Jonas Ranstam

Independent medical statistician

Stata, R and SQL

A statistical project often includes data from a number of datasets in different formats, e.g. text-files, Stata data files, SAS data files, SPSS data files and Excel workbooks. Irrespective of whether these data are analysed using R or Stata, it can be a logistic advantage to collect all the data fomr all the files into one database before developing programs for the statistical analysis. SQL is a very useful language for storing, changing, linking and retrieving data in databases, and SQL databases can, in addition to data, also include documents like case record forms, study protocols, analysis plans, internal reports and scientific manuscripts.

Stata does not support SQL directly (apart from via ODBC), but an SQLite database can easily be generated using the RSQLite package in R, which also has other packages that can read and write data files in Stata format. SQLite provides a full-featured SQL implementation and is probably the most widely-used database software in the world.

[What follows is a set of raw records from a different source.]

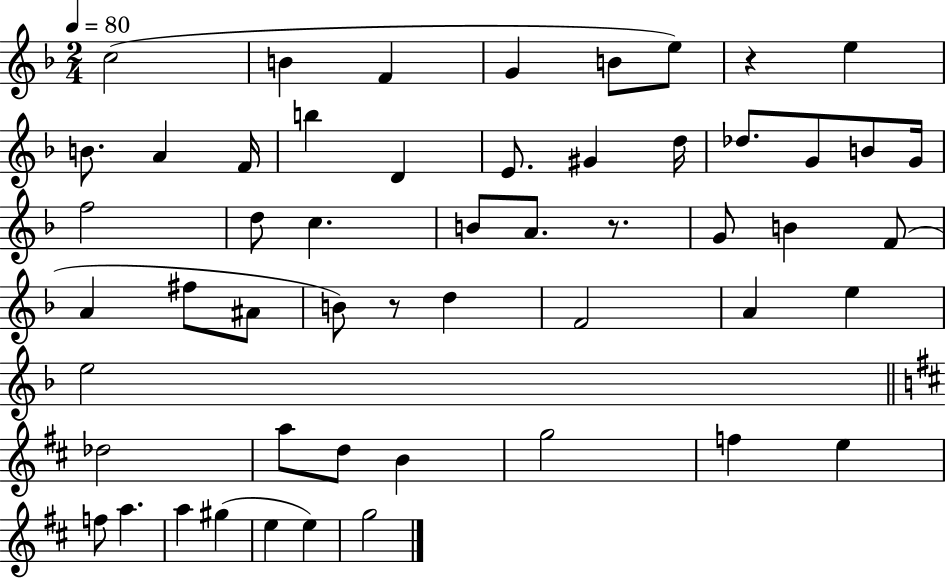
{
  \clef treble
  \numericTimeSignature
  \time 2/4
  \key f \major
  \tempo 4 = 80
  c''2( | b'4 f'4 | g'4 b'8 e''8) | r4 e''4 | \break b'8. a'4 f'16 | b''4 d'4 | e'8. gis'4 d''16 | des''8. g'8 b'8 g'16 | \break f''2 | d''8 c''4. | b'8 a'8. r8. | g'8 b'4 f'8( | \break a'4 fis''8 ais'8 | b'8) r8 d''4 | f'2 | a'4 e''4 | \break e''2 | \bar "||" \break \key d \major des''2 | a''8 d''8 b'4 | g''2 | f''4 e''4 | \break f''8 a''4. | a''4 gis''4( | e''4 e''4) | g''2 | \break \bar "|."
}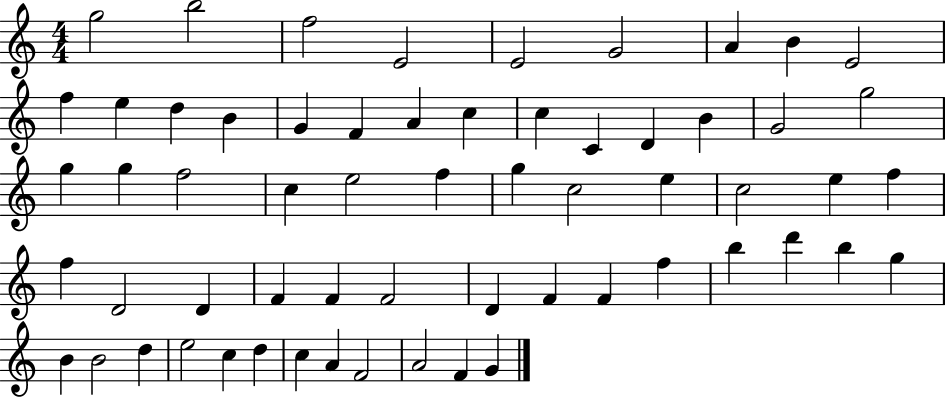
{
  \clef treble
  \numericTimeSignature
  \time 4/4
  \key c \major
  g''2 b''2 | f''2 e'2 | e'2 g'2 | a'4 b'4 e'2 | \break f''4 e''4 d''4 b'4 | g'4 f'4 a'4 c''4 | c''4 c'4 d'4 b'4 | g'2 g''2 | \break g''4 g''4 f''2 | c''4 e''2 f''4 | g''4 c''2 e''4 | c''2 e''4 f''4 | \break f''4 d'2 d'4 | f'4 f'4 f'2 | d'4 f'4 f'4 f''4 | b''4 d'''4 b''4 g''4 | \break b'4 b'2 d''4 | e''2 c''4 d''4 | c''4 a'4 f'2 | a'2 f'4 g'4 | \break \bar "|."
}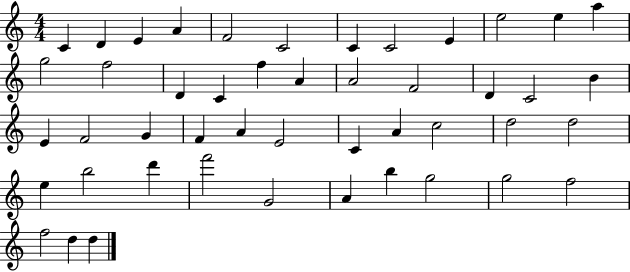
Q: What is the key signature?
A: C major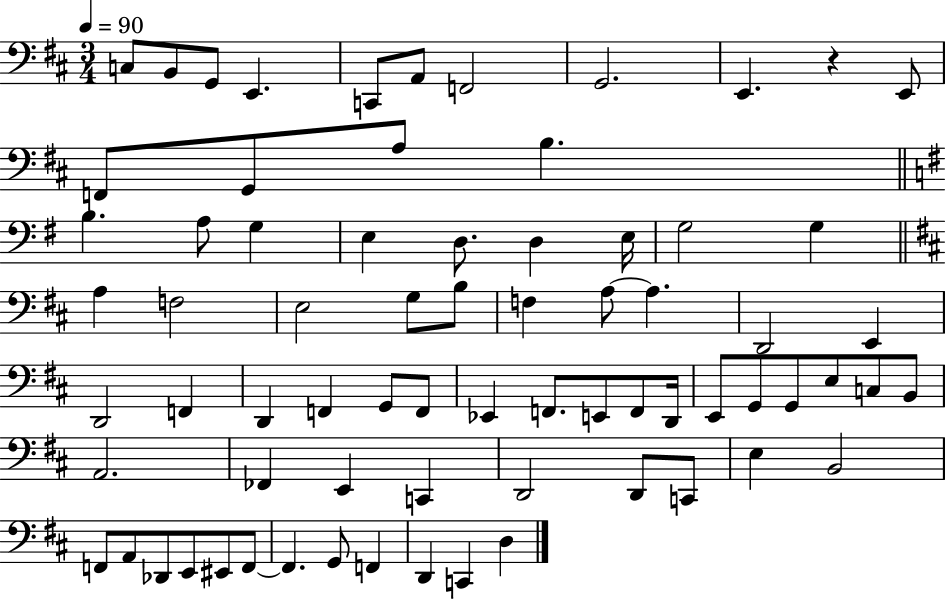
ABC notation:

X:1
T:Untitled
M:3/4
L:1/4
K:D
C,/2 B,,/2 G,,/2 E,, C,,/2 A,,/2 F,,2 G,,2 E,, z E,,/2 F,,/2 G,,/2 A,/2 B, B, A,/2 G, E, D,/2 D, E,/4 G,2 G, A, F,2 E,2 G,/2 B,/2 F, A,/2 A, D,,2 E,, D,,2 F,, D,, F,, G,,/2 F,,/2 _E,, F,,/2 E,,/2 F,,/2 D,,/4 E,,/2 G,,/2 G,,/2 E,/2 C,/2 B,,/2 A,,2 _F,, E,, C,, D,,2 D,,/2 C,,/2 E, B,,2 F,,/2 A,,/2 _D,,/2 E,,/2 ^E,,/2 F,,/2 F,, G,,/2 F,, D,, C,, D,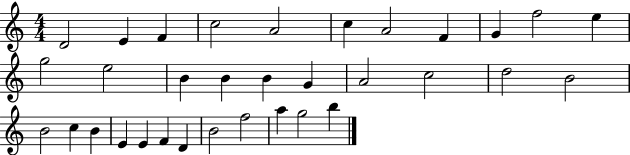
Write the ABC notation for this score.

X:1
T:Untitled
M:4/4
L:1/4
K:C
D2 E F c2 A2 c A2 F G f2 e g2 e2 B B B G A2 c2 d2 B2 B2 c B E E F D B2 f2 a g2 b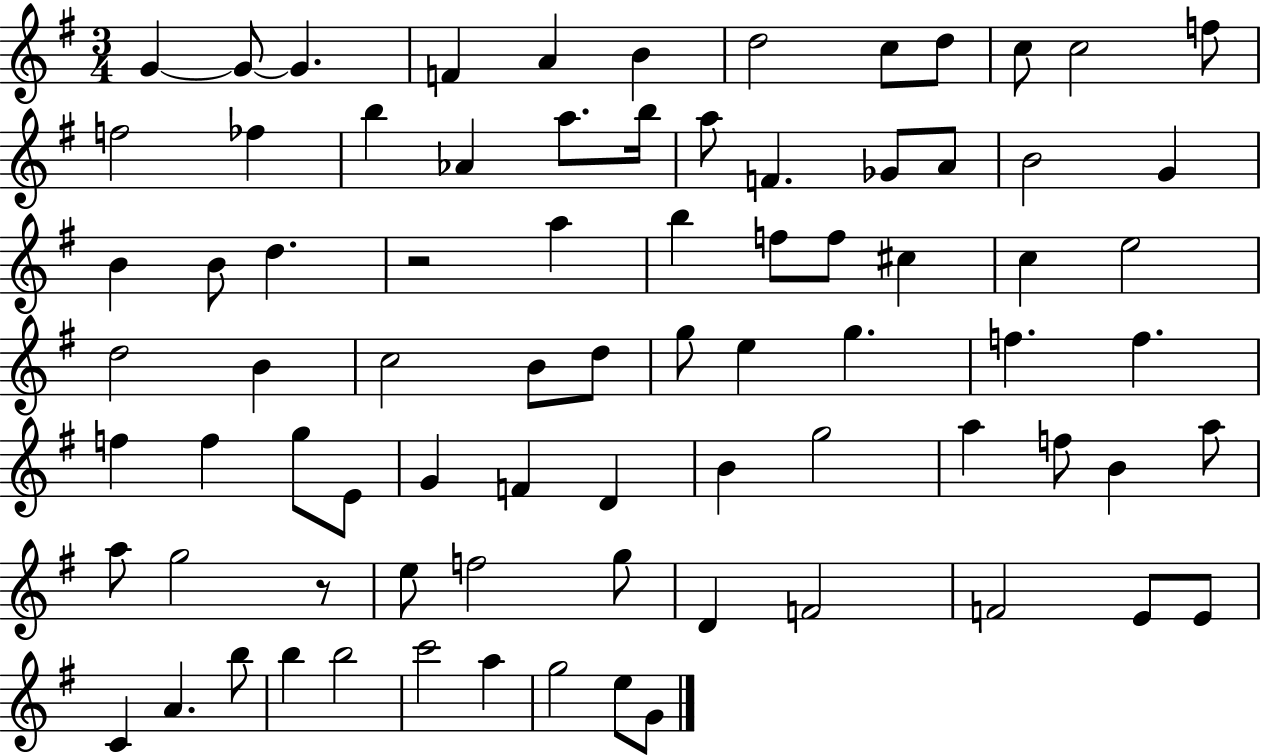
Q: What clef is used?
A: treble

A simple example of how to create an SQLite database, db.sqlite, with data from an Excel workbook with two data sheets and a Stata data file is presented here.

library(RSQLite)
library(readstata13)
library(gdata)

data1 <- read.xls("~/path/data.xlsx", sheet=1)
data2 <- read.xls("~/path/data.xlsx", sheet=2)
data3 <- read.dta13("~/path/data.dta")

db <- dbConnect(SQLite(), dbname="~/path/db.sqlite")

dbWriteTable(db, "sheet1", data1)
dbWriteTable(db, "sheet2", data2)
dbWriteTable(db, "stata", data3)

dbDisconnect(db)

With these files, the SQLite database includes these tables.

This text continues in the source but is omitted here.